Beginning with the line containing "Пятна на лице" and ending at the last line of the data, set down every line exactly, leaving out all pictures.

• Data segment
......

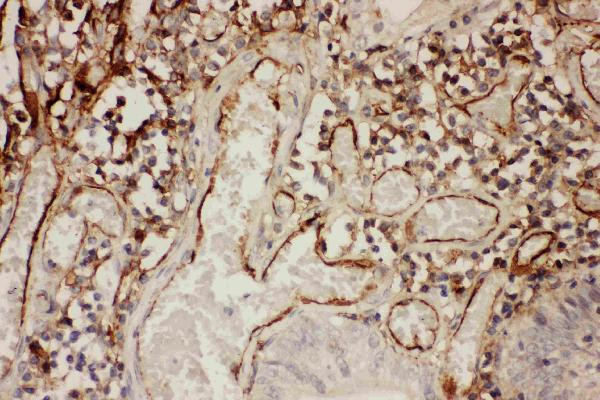 ICAM-1 (CD54) Antibody in Immunohistochemistry (Paraffin) (IHC (P))
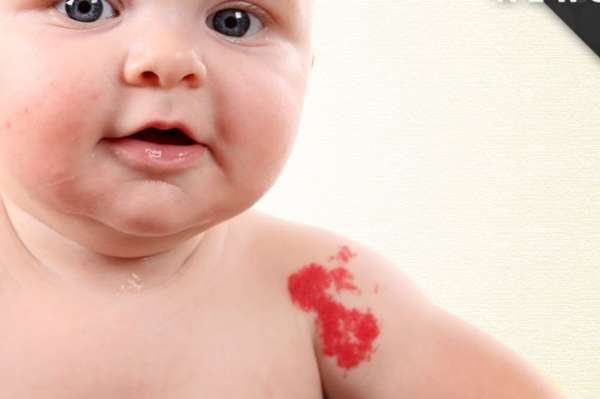 Пятна на лице красные пятна чем лечить фото у ребенка
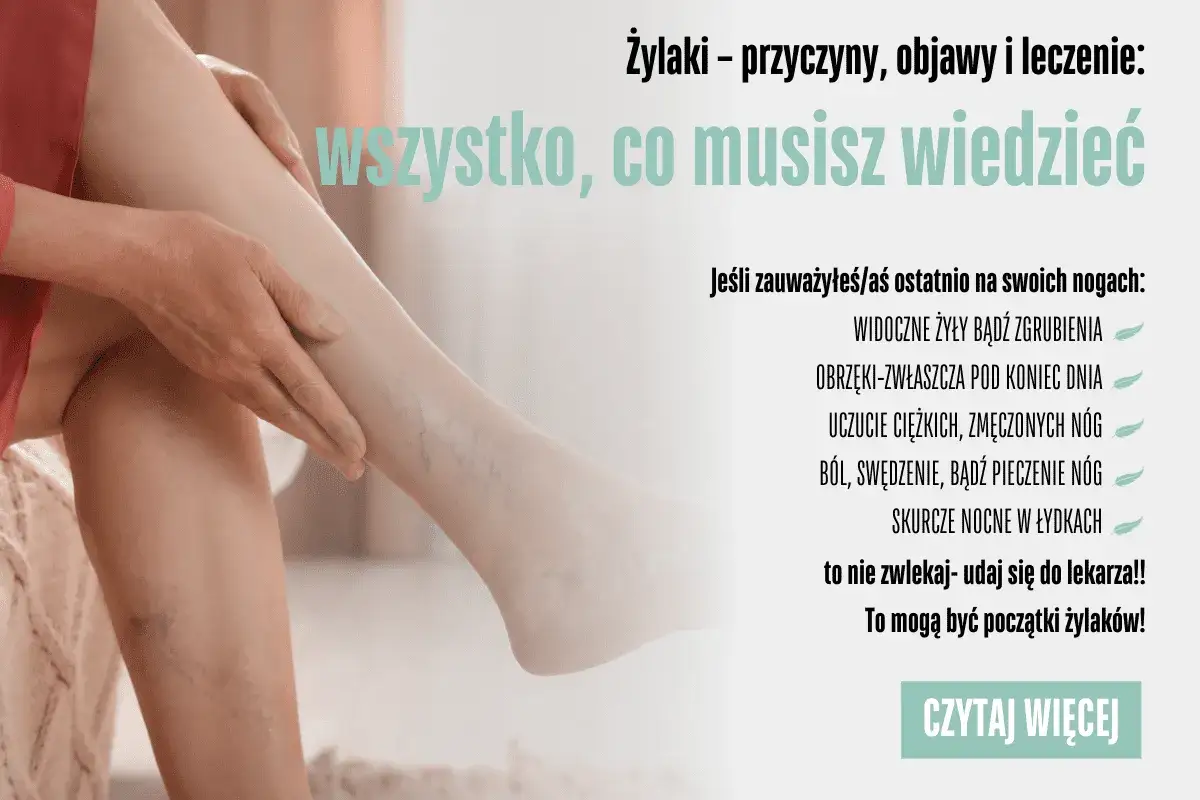 Widoczne żylaki na nogach, obrzęki, ból i uczucie ciężkości mogą świadczyć o początkach żylaków. Nie zwlekaj, udaj się do lekarza!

......

• Response to this exercise
 Пятна на лице красные пятна чем лечить фото у ребенка
 Widoczne żylaki na nogach, obrzęki, ból i uczucie ciężkości mogą świadczyć o początkach żylaków. Nie zwlekaj, udaj się do lekarza!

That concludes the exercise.